Ontem fui assistir "Pedras, Sonhos e Nuvens", peça realizada pelo grupo 'Revolução Teatral', equipe de Santo André (SP), uma das principais influências da Fábrica do Teatro Oprimido Londrinense.
A principio me pareceu mais uma encenação sobre um dos temas mais folclóricos do Brasil: Os Retirantes e o êxodo rural. Nossa cultura é especialista nesse tema, várias vertentes já a abordaram de forma magistral, o que deixa o tema de certa forma difícil de ser retratado com originalidade. Posteriormente descobri que a principal influência da peça não foi Vidas Secas de Graciliano Ramos, nada de Guimarães Rosa, não foi 'Os Retirantes' de Candido Portinari e muito menos 'Deus o Diabo na terra do Sol' de Glauber Rocha. Tudo surgiu de um fator verídico, vivenciado pela mãe de uma das atrizes participantes. A bagagem histórica foi complementada com outro importante dado vivido pela filha da mãe retirante: a necessidade de levar sempre sua irmã caçula aos ensaios, transferindo a responsabilidade materna e acumulando funções extras à filha. Isso exemplifica bem um dos aspectos da realidade retratada na obra: o conservadorismo em detrimento a sociedade em mutação constante.
Além dessa dificuldade de relacionamento entre mãe e filha, a obra reflete sobre outros empecilhos clássicos e contemporâneos: gravidez na adolescência, machismo, preconceitos, massificação e maus tratos com as camadas menos favorecidas. Enfim, uma montagem bem audaciosa e corajosa.
O teatro do oprimido tem como uma das suas principais características tornar acessível a qualquer cidadão a linguagem teatral, pois essa é uma forma da arte auxiliar as transformações sociais e mostrar sua força, indignação e engajamento. Nele, mesmo de forma amadora, os atores e o público sempre dialogam, o espectador é transformado em ator e isso se torna vital para o decorrer da peça. É nesse ponto que "Pedras, Sonhos e Nuvens" peca. Não sou lá grande especialista, mas ao meu ver, a encenação é muito moderna; foge um pouco da proposta de Augusto Boal. Mescla dança amadora com teatro mudo, mas possui uma pitada de falas. Esse experimentalismo de várias linguagens não é uma boa forma de o grande público compreender o que será exibido. Pretencionismo estético não é algo inserido no dicionário do Teatro do Oprimido. Nesse tipo de argumento, a linguagem precisa ser a mais direta possível, pode sim contar com cenas subjetivas, porém não muito presunçosas.

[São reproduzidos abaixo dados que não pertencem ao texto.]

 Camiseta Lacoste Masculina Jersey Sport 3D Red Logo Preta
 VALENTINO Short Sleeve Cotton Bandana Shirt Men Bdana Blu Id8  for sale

A peça teve alguns problemas técnicos, o que no final das contas não atrapalhou muito. Uma cena que merece destaque é a forma como foi mostrada à viagem Nordeste - São Paulo. Um caminhão humano; peripécias circenses e muito bom humor com a motorista canastrona que dirigia pela estrada precária. Outro grande destaque foi a inserção de 'The Great Gig On The Sky' do Pink Floyd em um ambiente pobre e seco.
Quando o sistema coringa (mediador entre público e atores) já estava no palco, um ato me chamou a atenção. Uma das atrizes disse que "Dança não põe comida na mesa". Logo atrás de mim, um dançarino profissional ficou indignado com tal declaração, claro que ele sabia que a obra é fictícia e a atriz apenas disse isso para provocar e facilitar o debate, mas mesmo assim foi interessante ver a reação do artista. Posteriormente perguntei a um outro dançarino se hoje é possível viver de dança no Brasil. "Sim", ele respondeu. É possível viver de dança no Brasil, assim como o teatro do oprimido passados quase 40 anos de sua criação ainda conta com muito fôlego. Enfim entendi o que Chico Science quer dizer em "Etnia": "É o povo na arte, é arte no povo/ E não o povo na arte, de quem faz arte com o povo."
"Pedras, Sonhos e Nuvens", exibida no dia 15/11/2007 na IV Mostra de Teatro do Oprimido de Londrina.